Client V2 (BinaryStreamReader.java:859-862):
public Object readVariant(ClickHouseColumn column) throws IOException {
int ordNum = readByte();
return readValue(column.getNestedColumns().get(ordNum));
}readByte() returns a signed byte. When ClickHouse sends 0xFF (255 unsigned / -1 signed), the code passes it directly to getNestedColumns().get(ordNum) without checking for the NULL sentinel. Calling .get(-1) on a List throws IndexOutOfBoundsException.
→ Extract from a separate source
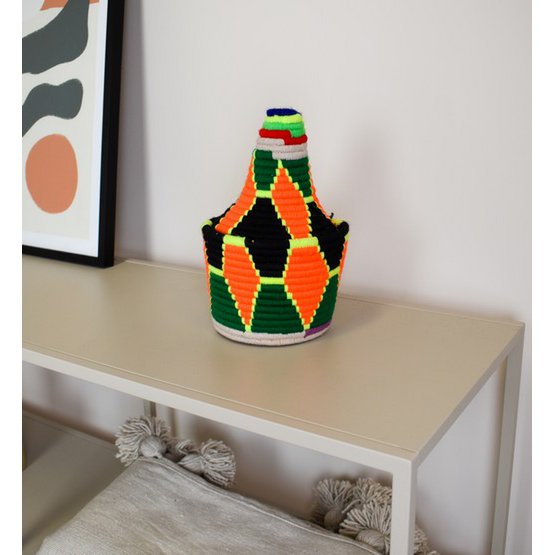 Poefs & Pillows - Marokkaanse mand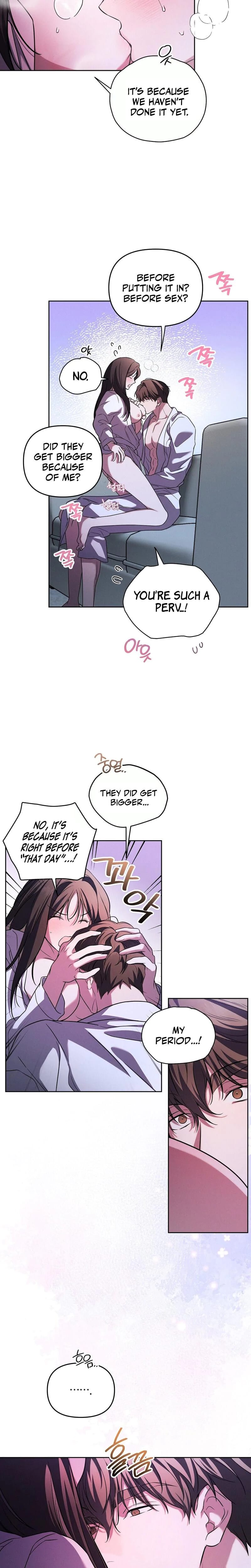 Times of Love Uncensored, chapter 25, page 19 of 20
Legacy implementation (ClickHouseRowBinaryProcessor.java:268-281):
int ordTypeNum = BinaryStreamUtils.readInt8(input);
for (int i = 0; i < len; i++) {
if (ordTypeNum == i) {
tupleValues[i] = deserializers[i].deserialize(values[i], input).asObject();
} else {
tupleValues[i] = null;
}
}Here readInt8() returns -1 for 0xFF. The loop never matches ordTypeNum == i (since i is never -1), so all tuple values become null — silently returning incorrect data instead of a proper NULL variant.
Expected Behavior
When the discriminator byte is 0xFF, the driver should return null without attempting to read any following value bytes.
Suggested Fix (Client V2)
public Object readVariant(ClickHouseColumn column) throws IOException {
int ordNum = readByte() & 0xFF; // unsigned
if (ordNum == 0xFF) {
return null;
}
return readValue(column.getNestedColumns().get(ordNum));
}Reproduction
The simplest reproduction is a single query with a NULL cast to Variant:
SELECT NULL::Variant(Int32, String) FORMAT RowBinary
SETTINGS allow_experimental_variant_type = 1;Inspecting the raw bytes returned by ClickHouse confirms the wire format:
# NULL Variant — single 0xFF byte, no value payload
$ curl -s 'http://localhost:8123/' \
--data-binary "SELECT NULL::Variant(Int32, String) FORMAT RowBinary SETTINGS allow_experimental_variant_type=1" | xxd
00000000: ff
# Int32 Variant — discriminator 0x00, then 4-byte little-endian 42
$ curl -s 'http://localhost:8123/' \
--data-binary "SELECT 42::Variant(Int32, String) FORMAT RowBinary SETTINGS allow_experimental_variant_type=1" | xxd
00000000: 002a 0000 00
# String Variant — discriminator 0x01, then length-prefixed 'hello'
$ curl -s 'http://localhost:8123/' \
--data-binary "SELECT 'hello'::Variant(Int32, String) FORMAT RowBinary SETTINGS allow_experimental_variant_type=1" | xxd
00000000: 0105 6865 6c6c 6f
Reading the NULL row will crash with IndexOutOfBoundsException in Client V2, or silently return incorrect data in the legacy processor.